> [Task objective]:
Only the lines from the one with "Frogs Howling At" to the end of the data below should be given again, exactly, with both ends included and pictures omitted.

> [Dataset entries]:
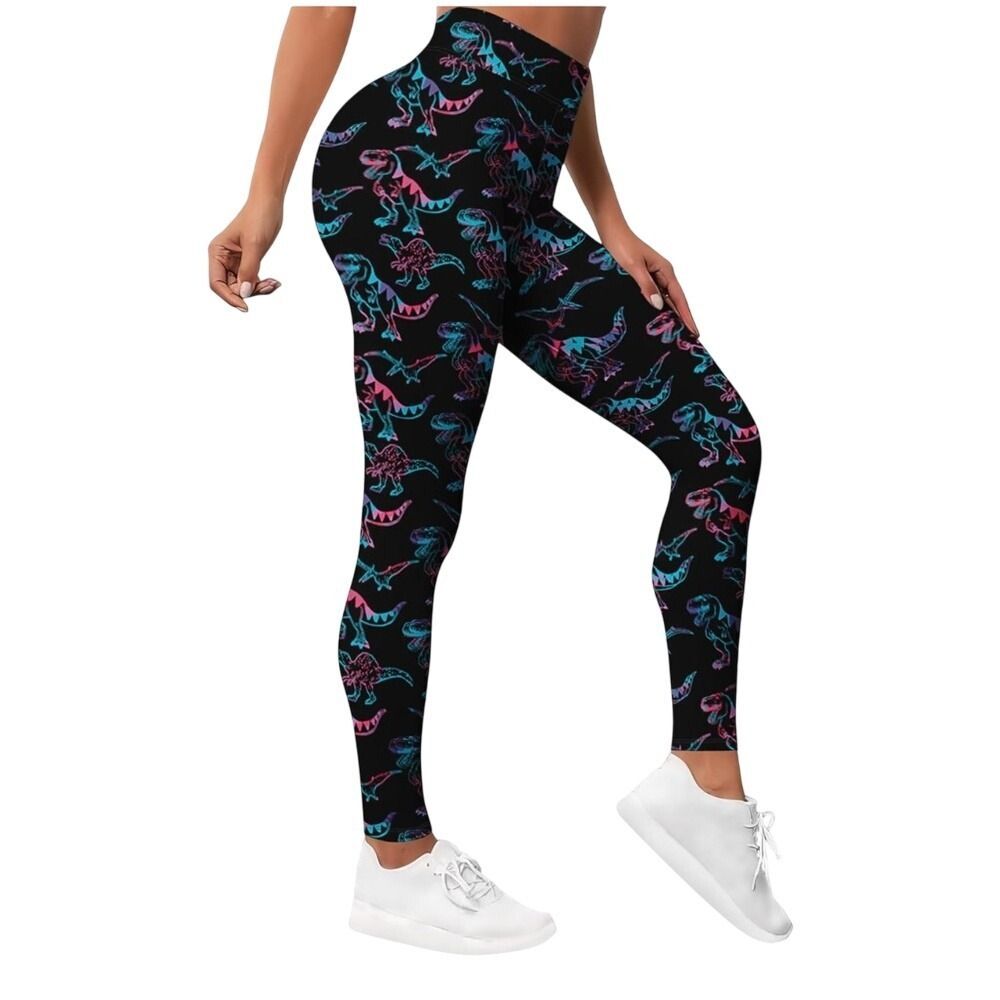 PAGYMO Leggings for Women Printed Funny Gym Womens Yoga Pants Dinosaur Legging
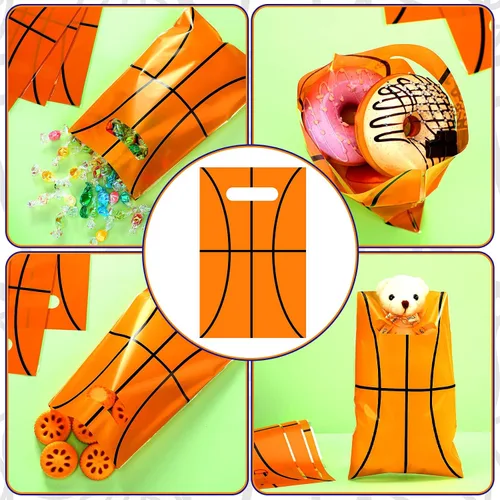 Miniatura 4 de Sinmoe 50 bolsas de regalo de baloncesto con asa, bolsas de plástico para regalos de fiesta de baloncesto, bolsa de dulces para niños y hombres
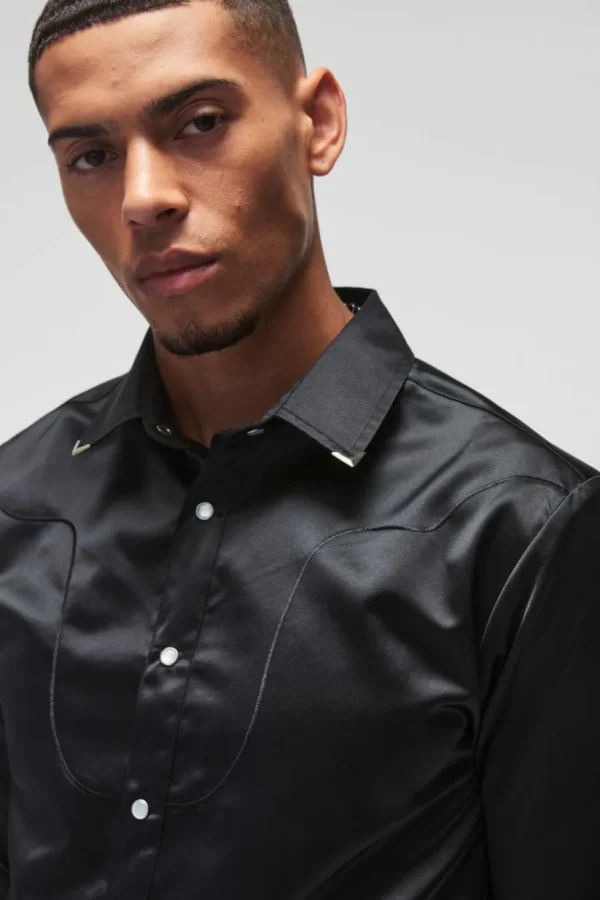 boohooMAN Regular Satin Western Long Sleeve Shirt | Going Out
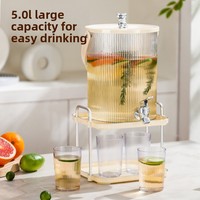 Carafe à eau froide grande capacité écologique avec robinet, distributeur de boissons pour réfrigérateur (jus de fruits, thé), compatible eau bouillante, couvercle moulé par soufflage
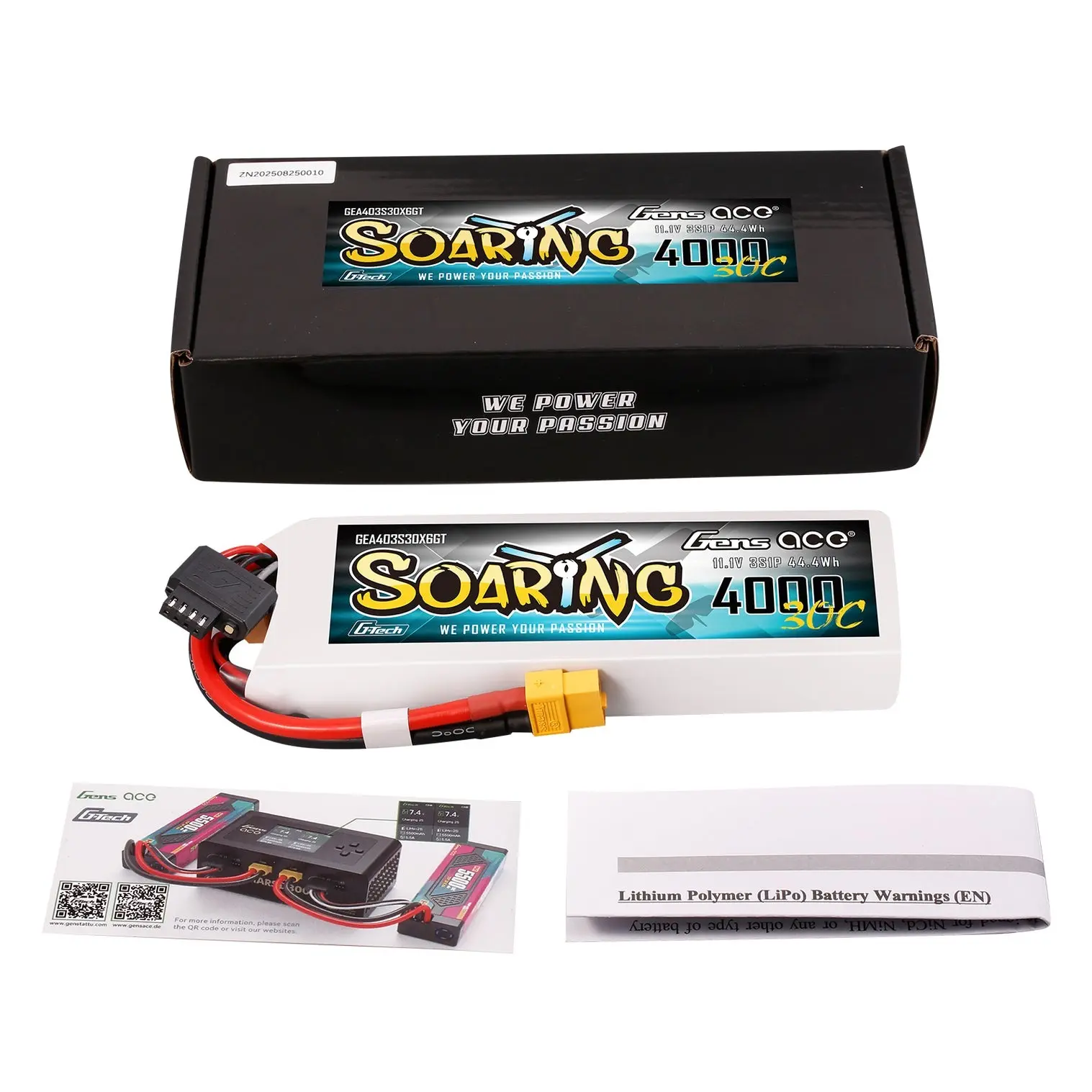 Gens Ace Soaring LiPo 3S 11.1V 4000mAh 30C (XT60) 136x42.5x22.5mm 290g G-Tech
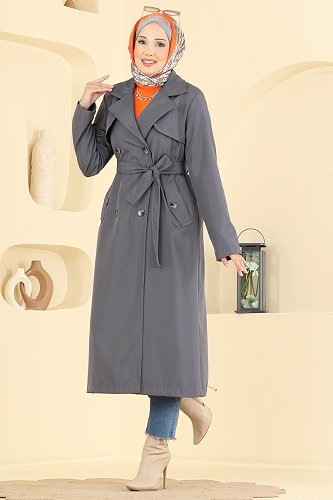 moda selvim ترانشكوت رمادي غامق 2633MSA980 - Thumbnail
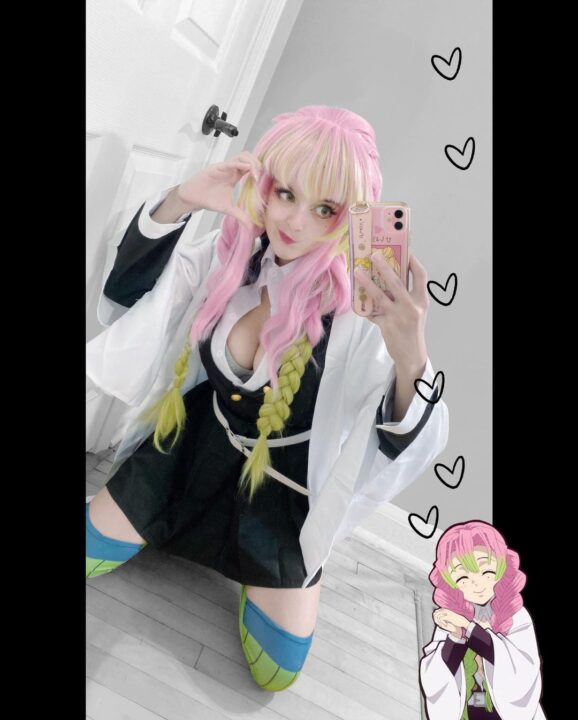 Modelo kamisamalisa fez um atraente cosplay da Mitsuri de Demon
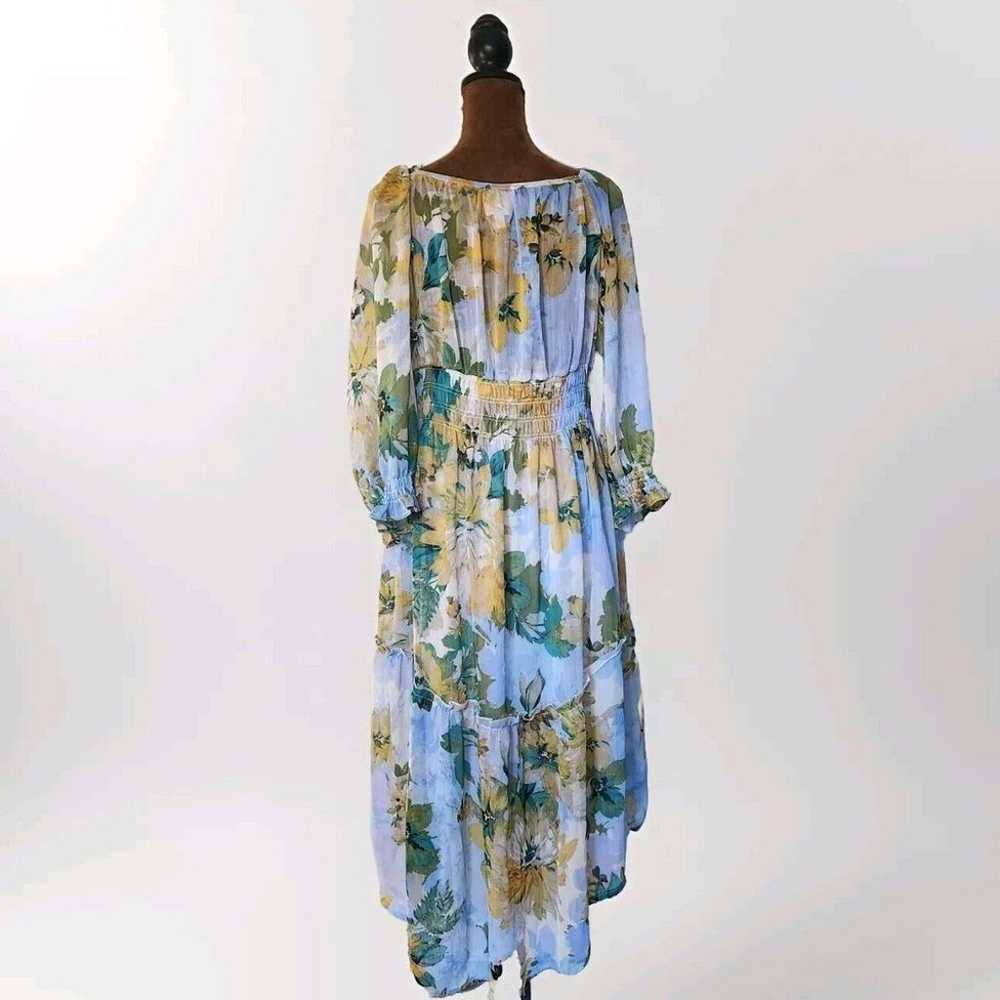 Anthropologie Fig And Flower Dress Size XL Blue F… - image 3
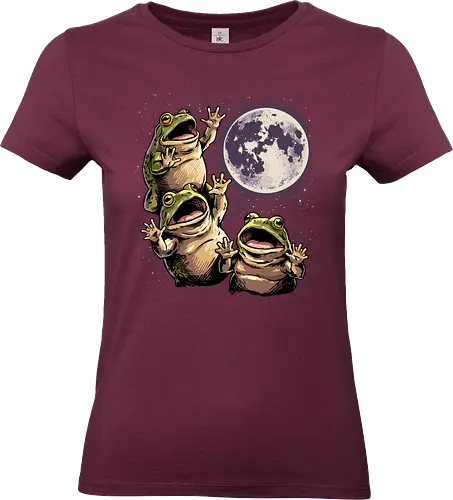 Frogs Howling At The Moon - howling at the moon, amphibian, animal, celestial, frog meme, froggy, frogs, howling, moon, moonlight, night sky, space, stars, surrealism, swamp - Standard T-Shirt (Frauen)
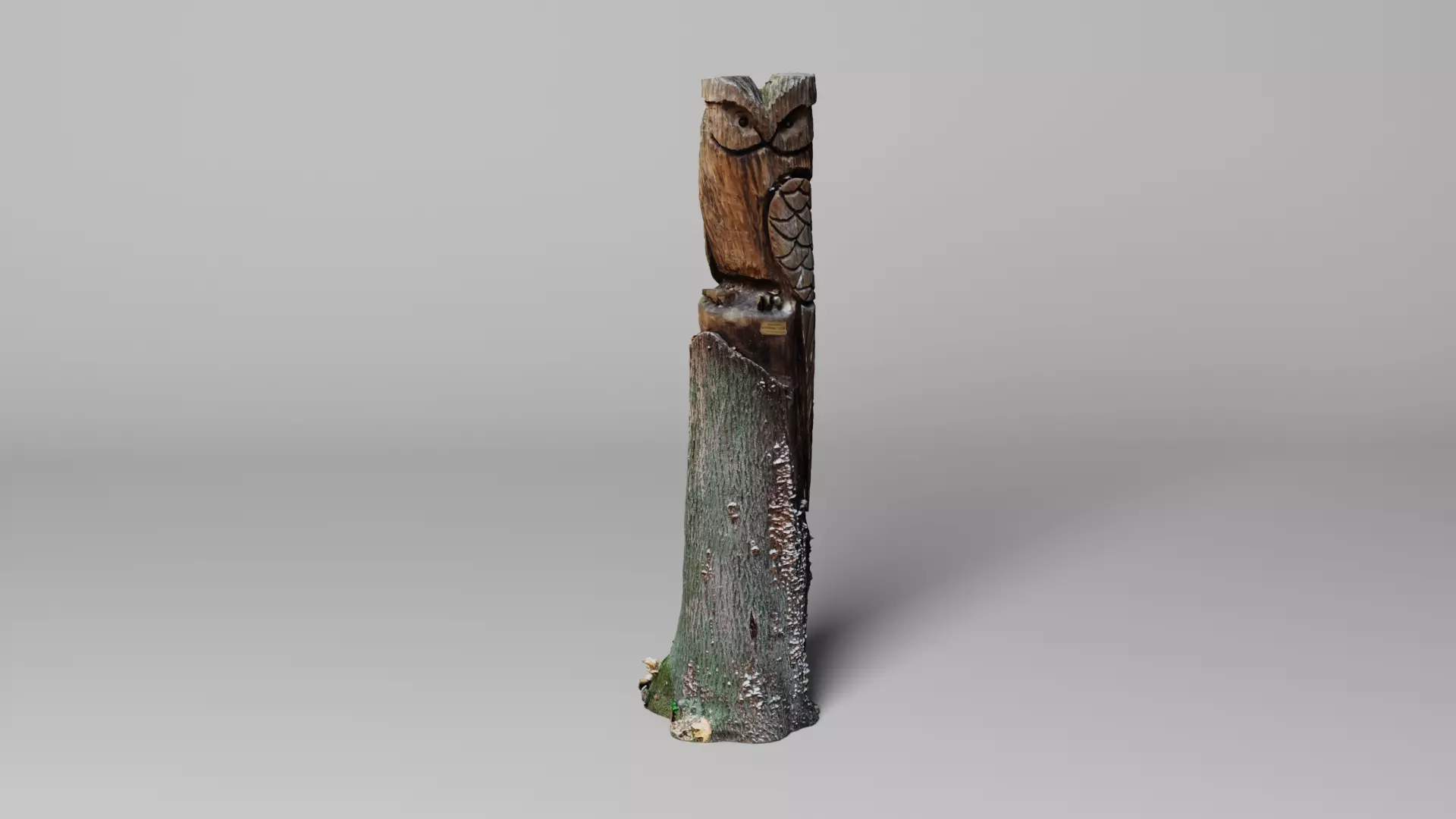 3D Scan mystic wooden Owl statue 3D print model_0
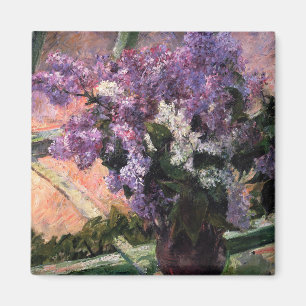 Mary Cassatt - Lilacs in een raam Magneet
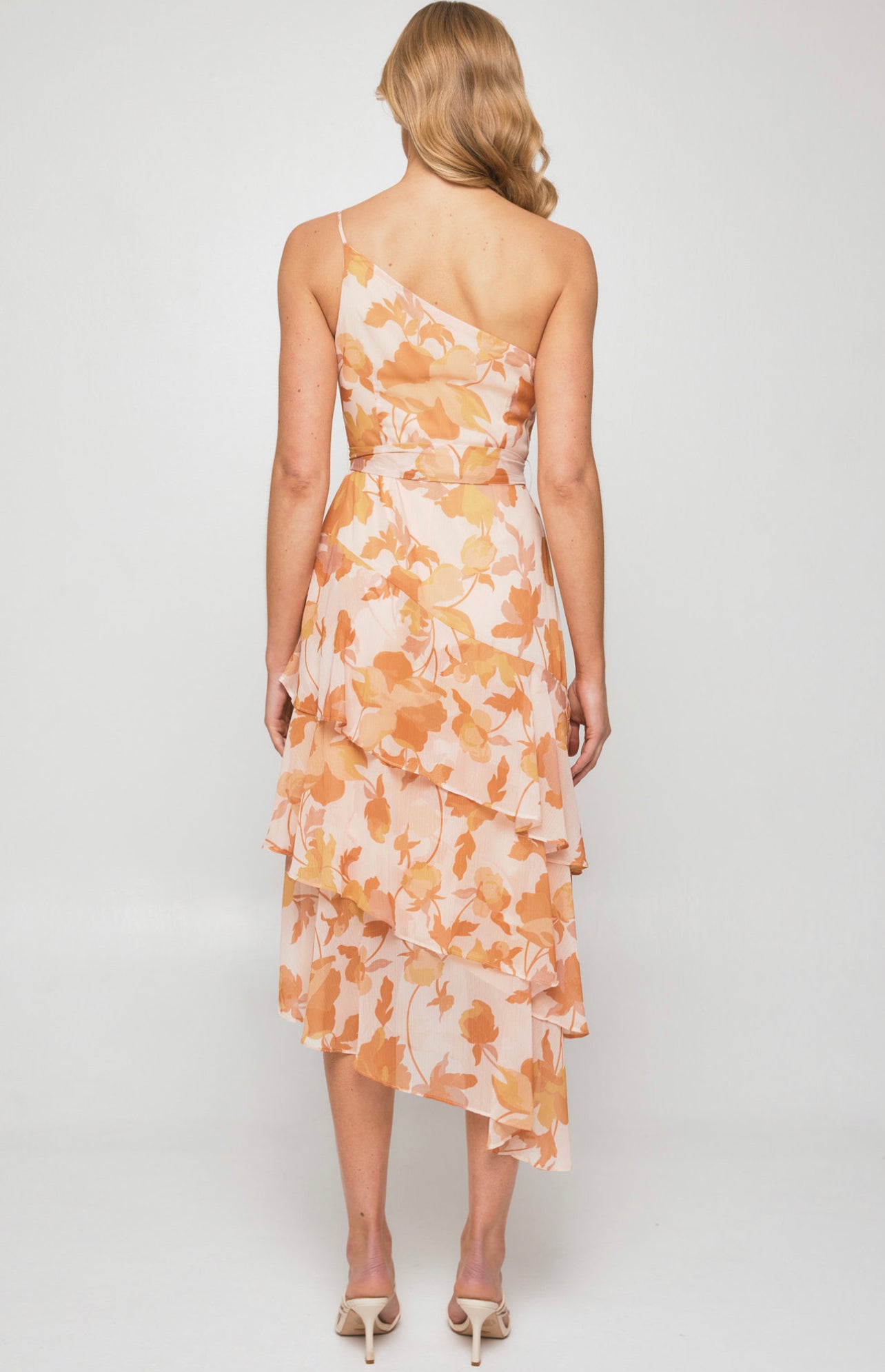 SARAH MIDI DRESS -ORANGE FLORAL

> [Result for this task]:
 Frogs Howling At The Moon - howling at the moon, amphibian, animal, celestial, frog meme, froggy, frogs, howling, moon, moonlight, night sky, space, stars, surrealism, swamp - Standard T-Shirt (Frauen)
 3D Scan mystic wooden Owl statue 3D print model_0
 Mary Cassatt - Lilacs in een raam Magneet
 SARAH MIDI DRESS -ORANGE FLORAL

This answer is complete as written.